▸ **Extracted records**
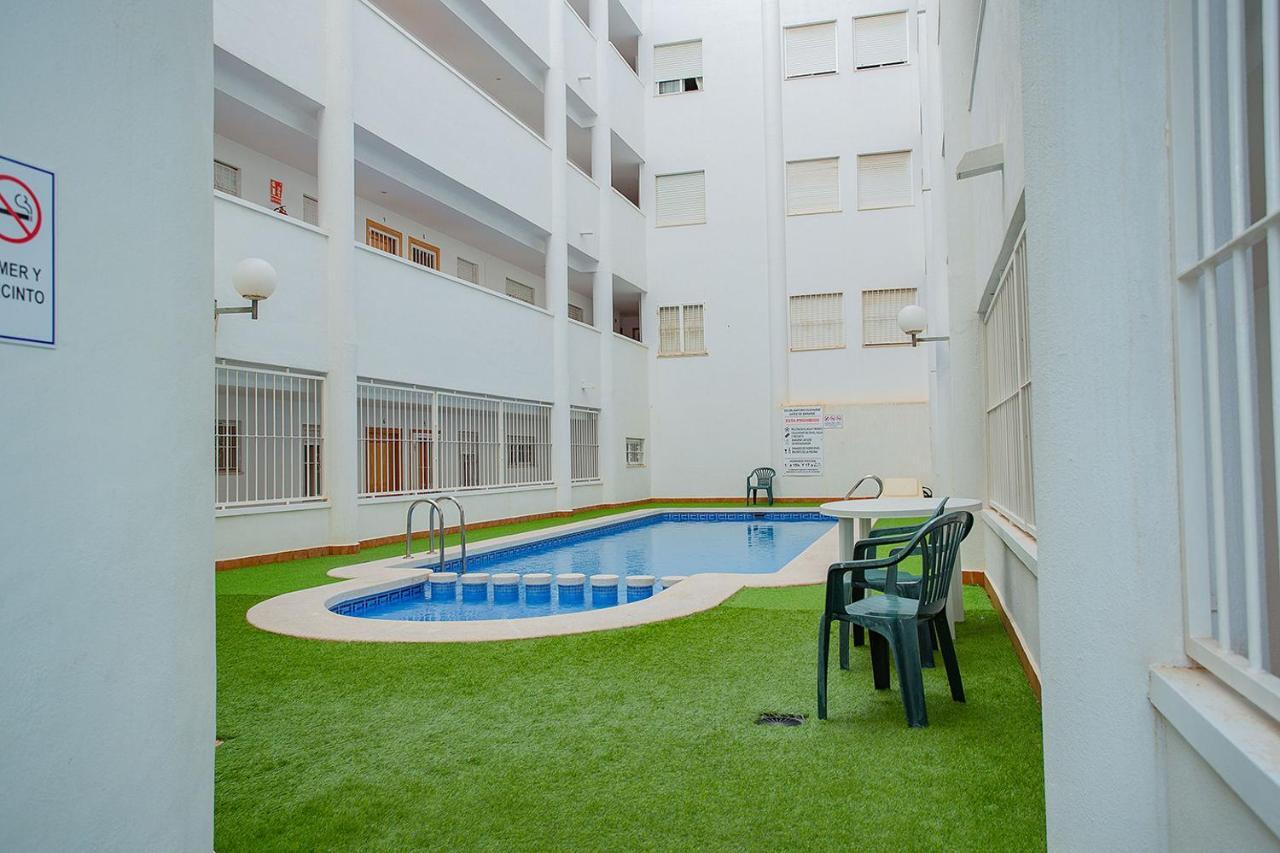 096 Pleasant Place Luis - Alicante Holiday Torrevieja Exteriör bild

---

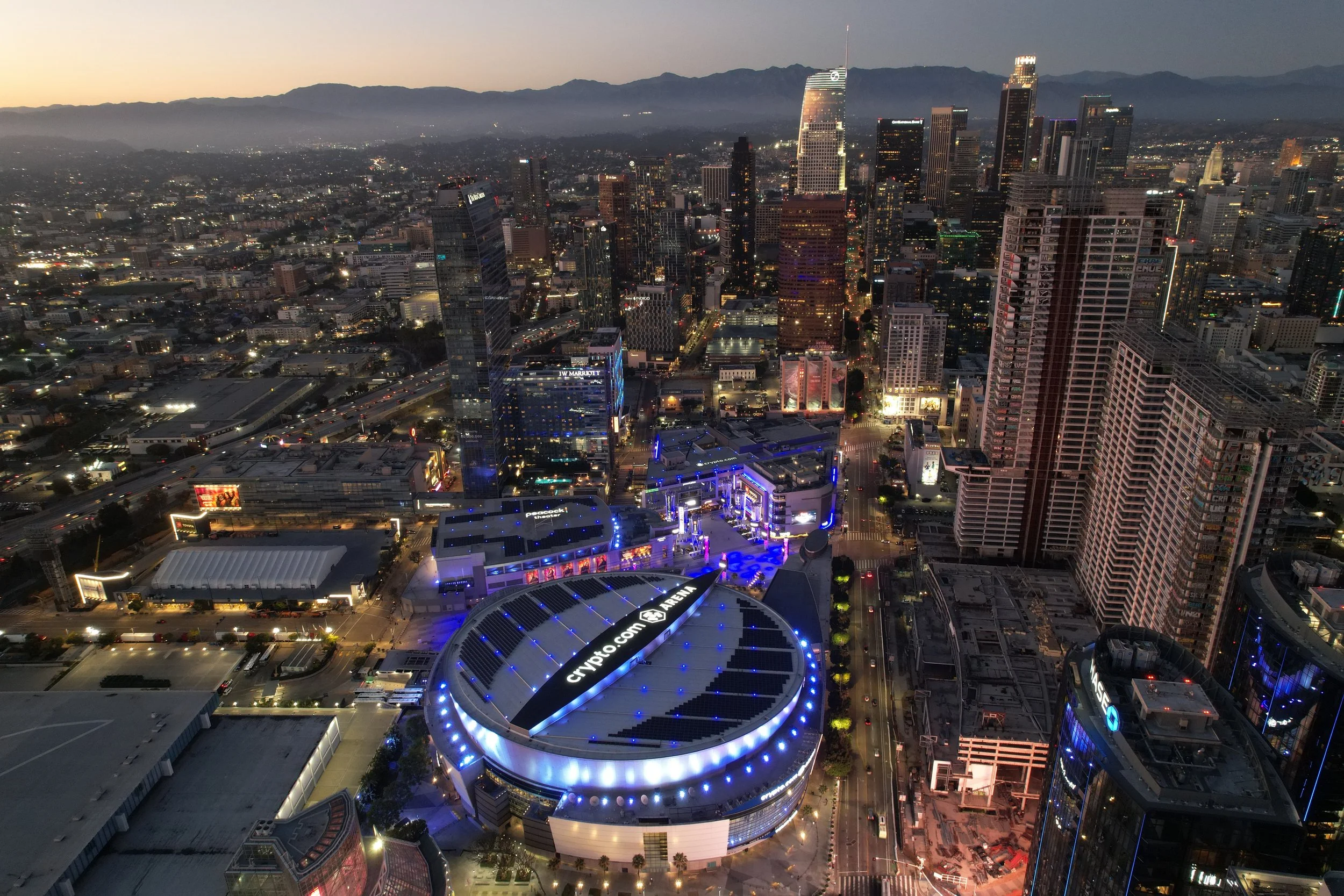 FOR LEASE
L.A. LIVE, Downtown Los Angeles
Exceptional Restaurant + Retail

▸ **Aim of the exercise**
Taking the lines above, repeat exactly those from the line that contains "L.A. LIVE, Downtown Los Angeles" through the line that contains "Exceptional Restaurant + Retail", and both of those lines as well. Include nothing else.

▸ **Reply to the exercise**
L.A. LIVE, Downtown Los Angeles
Exceptional Restaurant + Retail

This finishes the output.